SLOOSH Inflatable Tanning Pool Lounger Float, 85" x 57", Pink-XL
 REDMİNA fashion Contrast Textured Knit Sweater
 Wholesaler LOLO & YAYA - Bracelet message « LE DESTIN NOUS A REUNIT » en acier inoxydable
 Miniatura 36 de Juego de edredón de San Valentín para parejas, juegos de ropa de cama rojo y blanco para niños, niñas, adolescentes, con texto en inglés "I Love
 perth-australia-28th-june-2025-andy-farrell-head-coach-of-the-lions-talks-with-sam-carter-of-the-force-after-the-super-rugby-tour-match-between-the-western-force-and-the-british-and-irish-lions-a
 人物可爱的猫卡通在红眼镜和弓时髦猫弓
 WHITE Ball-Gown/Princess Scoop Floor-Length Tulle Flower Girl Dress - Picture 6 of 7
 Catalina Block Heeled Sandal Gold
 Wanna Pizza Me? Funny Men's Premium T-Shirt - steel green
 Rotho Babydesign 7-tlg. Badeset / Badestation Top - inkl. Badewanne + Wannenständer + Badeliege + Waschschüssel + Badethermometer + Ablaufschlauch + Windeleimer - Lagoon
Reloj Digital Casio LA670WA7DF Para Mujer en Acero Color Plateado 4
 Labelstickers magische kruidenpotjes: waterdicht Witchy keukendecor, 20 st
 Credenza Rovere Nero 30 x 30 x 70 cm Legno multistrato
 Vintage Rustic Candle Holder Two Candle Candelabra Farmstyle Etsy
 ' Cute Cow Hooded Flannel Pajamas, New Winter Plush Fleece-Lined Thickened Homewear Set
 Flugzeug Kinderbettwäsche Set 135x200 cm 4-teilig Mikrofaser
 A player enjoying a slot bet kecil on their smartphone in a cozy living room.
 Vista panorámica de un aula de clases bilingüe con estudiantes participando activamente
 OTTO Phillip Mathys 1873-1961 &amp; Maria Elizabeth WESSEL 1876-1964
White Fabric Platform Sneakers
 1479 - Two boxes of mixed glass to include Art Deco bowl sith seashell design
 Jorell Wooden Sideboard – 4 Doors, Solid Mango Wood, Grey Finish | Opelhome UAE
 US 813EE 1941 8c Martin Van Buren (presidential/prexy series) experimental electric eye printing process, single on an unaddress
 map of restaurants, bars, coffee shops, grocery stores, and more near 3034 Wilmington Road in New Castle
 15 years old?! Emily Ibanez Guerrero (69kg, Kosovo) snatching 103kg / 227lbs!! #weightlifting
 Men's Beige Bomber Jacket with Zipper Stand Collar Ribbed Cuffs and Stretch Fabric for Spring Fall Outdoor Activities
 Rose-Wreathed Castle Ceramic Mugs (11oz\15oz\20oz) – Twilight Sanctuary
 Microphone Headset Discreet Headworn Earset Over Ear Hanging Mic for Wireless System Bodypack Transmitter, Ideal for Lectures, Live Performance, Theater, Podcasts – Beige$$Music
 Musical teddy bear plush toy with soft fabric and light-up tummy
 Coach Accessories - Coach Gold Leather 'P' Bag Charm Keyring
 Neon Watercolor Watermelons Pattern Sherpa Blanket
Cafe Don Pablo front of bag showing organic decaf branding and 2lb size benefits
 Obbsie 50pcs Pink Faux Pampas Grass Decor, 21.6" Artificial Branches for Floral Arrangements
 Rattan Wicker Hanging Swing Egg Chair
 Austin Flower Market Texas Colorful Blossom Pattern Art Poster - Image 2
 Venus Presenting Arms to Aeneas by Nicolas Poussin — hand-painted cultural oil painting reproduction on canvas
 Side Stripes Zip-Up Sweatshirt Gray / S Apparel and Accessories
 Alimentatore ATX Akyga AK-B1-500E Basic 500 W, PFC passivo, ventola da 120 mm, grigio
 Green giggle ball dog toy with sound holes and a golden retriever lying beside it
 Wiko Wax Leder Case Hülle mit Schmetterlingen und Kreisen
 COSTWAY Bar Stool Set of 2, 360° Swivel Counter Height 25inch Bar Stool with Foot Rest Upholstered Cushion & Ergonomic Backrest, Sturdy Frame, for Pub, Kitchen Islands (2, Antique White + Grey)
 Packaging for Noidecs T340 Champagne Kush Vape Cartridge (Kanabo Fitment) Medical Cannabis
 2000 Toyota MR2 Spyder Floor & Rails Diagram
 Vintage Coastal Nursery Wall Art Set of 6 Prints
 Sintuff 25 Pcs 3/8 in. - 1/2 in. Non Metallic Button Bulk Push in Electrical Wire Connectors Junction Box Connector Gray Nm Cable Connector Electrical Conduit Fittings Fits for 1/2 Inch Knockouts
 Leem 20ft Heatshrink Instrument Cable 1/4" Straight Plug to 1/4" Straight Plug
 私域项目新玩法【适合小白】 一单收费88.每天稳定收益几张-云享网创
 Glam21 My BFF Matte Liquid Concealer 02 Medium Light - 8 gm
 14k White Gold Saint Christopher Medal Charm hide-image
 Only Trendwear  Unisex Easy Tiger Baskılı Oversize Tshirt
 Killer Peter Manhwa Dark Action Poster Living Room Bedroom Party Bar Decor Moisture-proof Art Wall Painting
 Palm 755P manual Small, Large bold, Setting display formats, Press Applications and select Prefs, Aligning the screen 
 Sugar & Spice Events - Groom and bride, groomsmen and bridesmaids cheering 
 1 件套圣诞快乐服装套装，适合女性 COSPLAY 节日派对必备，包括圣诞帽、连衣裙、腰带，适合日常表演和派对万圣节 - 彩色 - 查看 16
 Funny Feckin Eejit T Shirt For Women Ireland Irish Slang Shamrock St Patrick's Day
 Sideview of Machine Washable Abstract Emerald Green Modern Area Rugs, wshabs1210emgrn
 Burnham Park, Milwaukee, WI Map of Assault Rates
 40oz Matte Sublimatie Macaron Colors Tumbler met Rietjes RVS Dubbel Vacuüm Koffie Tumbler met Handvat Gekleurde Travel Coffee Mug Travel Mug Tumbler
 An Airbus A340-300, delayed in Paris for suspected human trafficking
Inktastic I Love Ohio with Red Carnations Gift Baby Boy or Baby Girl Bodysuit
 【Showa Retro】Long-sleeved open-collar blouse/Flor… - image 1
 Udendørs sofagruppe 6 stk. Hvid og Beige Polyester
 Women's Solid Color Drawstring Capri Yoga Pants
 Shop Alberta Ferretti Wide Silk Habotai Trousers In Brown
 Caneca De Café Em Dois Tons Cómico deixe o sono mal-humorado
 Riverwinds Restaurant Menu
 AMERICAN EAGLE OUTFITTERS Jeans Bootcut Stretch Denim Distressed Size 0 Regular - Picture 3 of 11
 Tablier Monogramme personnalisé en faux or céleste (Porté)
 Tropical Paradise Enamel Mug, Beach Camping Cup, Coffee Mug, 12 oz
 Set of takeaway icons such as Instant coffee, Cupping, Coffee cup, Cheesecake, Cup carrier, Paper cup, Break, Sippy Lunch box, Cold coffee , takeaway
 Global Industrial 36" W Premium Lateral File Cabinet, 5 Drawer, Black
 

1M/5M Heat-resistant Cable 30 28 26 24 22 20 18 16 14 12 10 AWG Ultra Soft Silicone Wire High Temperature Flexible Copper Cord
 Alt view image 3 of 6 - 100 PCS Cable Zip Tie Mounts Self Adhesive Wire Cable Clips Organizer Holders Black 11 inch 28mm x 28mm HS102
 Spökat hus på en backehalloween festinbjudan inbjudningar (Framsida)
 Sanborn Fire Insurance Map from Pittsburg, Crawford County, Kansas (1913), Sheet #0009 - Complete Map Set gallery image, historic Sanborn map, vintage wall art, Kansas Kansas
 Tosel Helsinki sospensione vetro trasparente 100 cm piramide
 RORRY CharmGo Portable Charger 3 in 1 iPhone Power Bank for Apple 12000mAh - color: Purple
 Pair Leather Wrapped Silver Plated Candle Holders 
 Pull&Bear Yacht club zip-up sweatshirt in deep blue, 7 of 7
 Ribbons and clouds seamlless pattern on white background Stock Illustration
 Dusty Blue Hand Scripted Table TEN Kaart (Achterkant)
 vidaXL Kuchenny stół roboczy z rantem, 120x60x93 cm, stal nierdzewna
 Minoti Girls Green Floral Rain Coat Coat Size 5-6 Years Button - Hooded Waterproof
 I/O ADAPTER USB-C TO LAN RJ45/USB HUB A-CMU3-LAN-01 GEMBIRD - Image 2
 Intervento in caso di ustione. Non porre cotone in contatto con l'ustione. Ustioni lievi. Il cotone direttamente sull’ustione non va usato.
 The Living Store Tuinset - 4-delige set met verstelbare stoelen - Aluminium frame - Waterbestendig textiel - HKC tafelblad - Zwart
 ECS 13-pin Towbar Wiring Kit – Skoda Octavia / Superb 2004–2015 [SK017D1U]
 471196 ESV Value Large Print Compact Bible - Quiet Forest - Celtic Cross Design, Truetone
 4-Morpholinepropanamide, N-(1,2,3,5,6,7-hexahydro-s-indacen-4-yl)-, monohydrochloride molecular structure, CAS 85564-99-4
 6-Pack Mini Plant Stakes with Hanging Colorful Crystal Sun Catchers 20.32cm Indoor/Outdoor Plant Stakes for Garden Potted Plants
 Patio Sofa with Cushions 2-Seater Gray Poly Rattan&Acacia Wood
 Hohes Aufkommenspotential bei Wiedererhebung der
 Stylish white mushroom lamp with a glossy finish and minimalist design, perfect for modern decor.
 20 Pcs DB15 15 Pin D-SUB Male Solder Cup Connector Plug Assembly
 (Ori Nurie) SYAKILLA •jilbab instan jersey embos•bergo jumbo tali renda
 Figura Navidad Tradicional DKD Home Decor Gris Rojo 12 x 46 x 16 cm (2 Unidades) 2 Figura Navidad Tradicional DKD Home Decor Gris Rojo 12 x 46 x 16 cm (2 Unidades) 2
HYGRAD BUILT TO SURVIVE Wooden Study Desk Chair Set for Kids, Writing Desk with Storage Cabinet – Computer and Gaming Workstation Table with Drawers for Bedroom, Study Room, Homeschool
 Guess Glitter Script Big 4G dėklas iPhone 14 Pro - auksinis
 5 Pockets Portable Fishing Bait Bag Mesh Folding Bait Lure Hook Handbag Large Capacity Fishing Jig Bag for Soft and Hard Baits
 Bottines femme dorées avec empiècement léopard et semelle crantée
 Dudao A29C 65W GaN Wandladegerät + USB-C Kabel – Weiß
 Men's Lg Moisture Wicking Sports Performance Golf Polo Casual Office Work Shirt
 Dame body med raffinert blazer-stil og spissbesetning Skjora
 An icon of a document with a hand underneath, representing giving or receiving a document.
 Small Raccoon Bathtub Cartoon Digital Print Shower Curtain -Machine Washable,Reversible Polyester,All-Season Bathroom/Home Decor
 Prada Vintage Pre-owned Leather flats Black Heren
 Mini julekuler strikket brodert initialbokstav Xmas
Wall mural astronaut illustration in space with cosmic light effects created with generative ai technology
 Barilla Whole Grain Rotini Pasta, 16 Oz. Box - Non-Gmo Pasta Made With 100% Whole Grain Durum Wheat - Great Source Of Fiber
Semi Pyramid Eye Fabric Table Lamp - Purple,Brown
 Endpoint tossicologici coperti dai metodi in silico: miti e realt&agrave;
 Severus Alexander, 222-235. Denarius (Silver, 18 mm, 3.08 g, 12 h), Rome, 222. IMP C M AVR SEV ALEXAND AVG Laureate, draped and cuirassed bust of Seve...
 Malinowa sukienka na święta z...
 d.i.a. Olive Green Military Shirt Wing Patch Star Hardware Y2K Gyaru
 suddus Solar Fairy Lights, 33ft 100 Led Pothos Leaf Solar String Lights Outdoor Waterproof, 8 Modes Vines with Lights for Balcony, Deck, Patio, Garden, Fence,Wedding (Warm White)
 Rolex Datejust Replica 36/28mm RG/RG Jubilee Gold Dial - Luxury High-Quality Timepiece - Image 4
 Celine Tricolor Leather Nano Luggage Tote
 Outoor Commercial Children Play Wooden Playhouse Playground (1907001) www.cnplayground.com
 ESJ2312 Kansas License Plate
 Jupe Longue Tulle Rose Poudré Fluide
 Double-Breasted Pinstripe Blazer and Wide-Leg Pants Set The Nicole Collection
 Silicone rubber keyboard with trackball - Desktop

To do:
Out of the entries above, write out only the lines between the line holding "Rose-Wreathed Castle Ceramic" and the line holding "1 件套圣诞快乐服装套装，适合女性 COSPLAY", inclusive, each exactly as given.

Output for this exercise:
 Rose-Wreathed Castle Ceramic Mugs (11oz\15oz\20oz) – Twilight Sanctuary
 Microphone Headset Discreet Headworn Earset Over Ear Hanging Mic for Wireless System Bodypack Transmitter, Ideal for Lectures, Live Performance, Theater, Podcasts – Beige$$Music
 Musical teddy bear plush toy with soft fabric and light-up tummy
 Coach Accessories - Coach Gold Leather 'P' Bag Charm Keyring
 Neon Watercolor Watermelons Pattern Sherpa Blanket
Cafe Don Pablo front of bag showing organic decaf branding and 2lb size benefits
 Obbsie 50pcs Pink Faux Pampas Grass Decor, 21.6" Artificial Branches for Floral Arrangements
 Rattan Wicker Hanging Swing Egg Chair
 Austin Flower Market Texas Colorful Blossom Pattern Art Poster - Image 2
 Venus Presenting Arms to Aeneas by Nicolas Poussin — hand-painted cultural oil painting reproduction on canvas
 Side Stripes Zip-Up Sweatshirt Gray / S Apparel and Accessories
 Alimentatore ATX Akyga AK-B1-500E Basic 500 W, PFC passivo, ventola da 120 mm, grigio
 Green giggle ball dog toy with sound holes and a golden retriever lying beside it
 Wiko Wax Leder Case Hülle mit Schmetterlingen und Kreisen
 COSTWAY Bar Stool Set of 2, 360° Swivel Counter Height 25inch Bar Stool with Foot Rest Upholstered Cushion & Ergonomic Backrest, Sturdy Frame, for Pub, Kitchen Islands (2, Antique White + Grey)
 Packaging for Noidecs T340 Champagne Kush Vape Cartridge (Kanabo Fitment) Medical Cannabis
 2000 Toyota MR2 Spyder Floor & Rails Diagram
 Vintage Coastal Nursery Wall Art Set of 6 Prints
 Sintuff 25 Pcs 3/8 in. - 1/2 in. Non Metallic Button Bulk Push in Electrical Wire Connectors Junction Box Connector Gray Nm Cable Connector Electrical Conduit Fittings Fits for 1/2 Inch Knockouts
 Leem 20ft Heatshrink Instrument Cable 1/4" Straight Plug to 1/4" Straight Plug
 私域项目新玩法【适合小白】 一单收费88.每天稳定收益几张-云享网创
 Glam21 My BFF Matte Liquid Concealer 02 Medium Light - 8 gm
 14k White Gold Saint Christopher Medal Charm hide-image
 Only Trendwear  Unisex Easy Tiger Baskılı Oversize Tshirt
 Killer Peter Manhwa Dark Action Poster Living Room Bedroom Party Bar Decor Moisture-proof Art Wall Painting
 Palm 755P manual Small, Large bold, Setting display formats, Press Applications and select Prefs, Aligning the screen 
 Sugar & Spice Events - Groom and bride, groomsmen and bridesmaids cheering 
 1 件套圣诞快乐服装套装，适合女性 COSPLAY 节日派对必备，包括圣诞帽、连衣裙、腰带，适合日常表演和派对万圣节 - 彩色 - 查看 16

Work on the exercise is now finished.